Among other things, Sifnos has connected its name with Nikos Tselementes, not only because it is the birthplace of the famous chef and of many other distinguished chefs but mainly because the gastronomic habits of the past are a living part of its tradition.

Based on the local agricultural and livestock products, the sweet-smelling thyme honey, the wild greens and herbs, the Sifnians have exploited with remarkable technique everything that their land offered them, by cooking with love food and sweets baked in wood-fired ovens, and in earthen pots.

Every event of the sifnian life and every season keeps …its own taste for years now.

The main dish on the traditional Sunday table is the chick-pea soup, which is cooked in an earthen pot (skepastaria) for many hours, all night long, in a wood-fired oven.

At the traditional feasts of Sifnos, the Sifnians organize the communal dinners, which remind us of the ancient symposiums and of the agapes (communal meals) of the early Christians, where they offer to everybody chick-pea soup and meat cooked in tomato sauce with spaghetti, cooked in special large cooking pots or during the period of the Great Lent, fried cod fish with garlic sauce and salad.

At Christmas, the finikia (honey-cookies) and the avgokalamara (honey rolls) smell delicious in every house of the island, while in the rural houses and the thimonies (simple one-roomed constructions covering the basic needs of the farmers) the Sifnians still make syglino (smoked pork) and pikti (aspic jelly).

A bit later, at the Carnival, the Sifnian housewives make dairy desserts such as rice pudding, cream or yoghurt made of goat's or sheep's milk, which is produced in large quantities during this time.
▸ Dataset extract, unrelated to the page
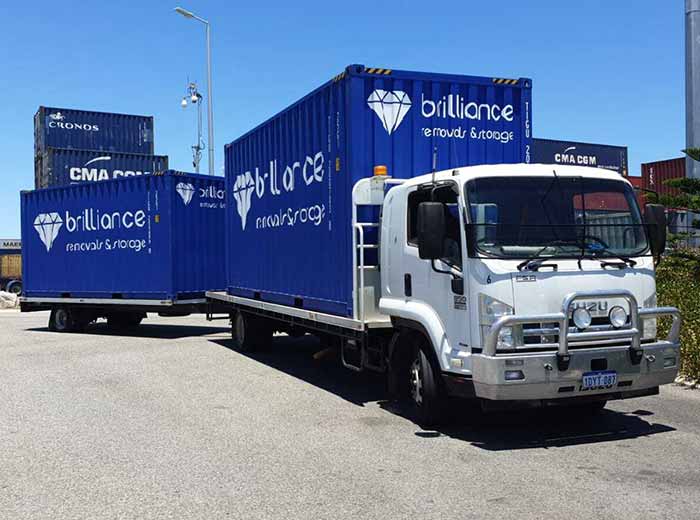 Budget Interstate Removals in Perth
And of course Easter without the smell of the mastelo roast (lamb or goat cooked in the homonymous earthen pot, with red wine and anise, in the wood-fired oven), without the “Easter birds” (ring-shaped bread, kneaded in various forms of animals and birds) and without the honey pie (sweet made of boiled anthotira cheese and local thyme honey) is totally unimaginable for the Sifnians.

Weddings are always accompanied by rhomboid sifnian pastelis (honey and sesame candy bars)and by casserole marzipans or marzipans in the oven (with or without sugar).

Chick pea croquettes, caper salad (dry caper cooked with onions), manoura (yellow, hard spicy cheese that matures in red wine lees), and according to the season, chirovoskoi (wild greens) mizithra (sourish fresh goat cheese, ideal to use in Greek salad), dry figs, loli (sweet made of red pumpkin), sweet preserves and liqueurs made of fruits that grow in Sifnos as well as tisanes from the rich flora of the island, such as sage, mallow and bent grass are also part of the cuisine of Sifnos.

You can find the famous sifnian sweets such as anise cookies, butter cookies, casserole marzipans, marzipans in the oven, pastelis, loukoums, patties and sweet preserves at the traditional bakeries and sweetshops of Sifnos.